[SUPPLIED RECORDS — start]

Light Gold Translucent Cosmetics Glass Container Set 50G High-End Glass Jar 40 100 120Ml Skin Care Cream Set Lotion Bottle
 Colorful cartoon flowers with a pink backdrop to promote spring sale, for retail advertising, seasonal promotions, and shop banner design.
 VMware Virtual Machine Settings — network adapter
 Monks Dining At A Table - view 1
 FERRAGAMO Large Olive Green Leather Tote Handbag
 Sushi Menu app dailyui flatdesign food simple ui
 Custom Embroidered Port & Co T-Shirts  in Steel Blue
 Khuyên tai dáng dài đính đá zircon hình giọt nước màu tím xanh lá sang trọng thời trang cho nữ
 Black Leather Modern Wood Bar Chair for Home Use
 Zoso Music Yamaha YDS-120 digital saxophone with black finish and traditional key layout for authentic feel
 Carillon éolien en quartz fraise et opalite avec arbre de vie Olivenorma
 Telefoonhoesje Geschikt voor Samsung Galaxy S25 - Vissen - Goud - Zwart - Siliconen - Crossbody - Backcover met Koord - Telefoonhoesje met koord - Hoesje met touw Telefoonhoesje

[SUPPLIED RECORDS — finish]

Within the data above, how many lines contain the word "Leather"? Write only the number.

• ANSWER SPACE:
2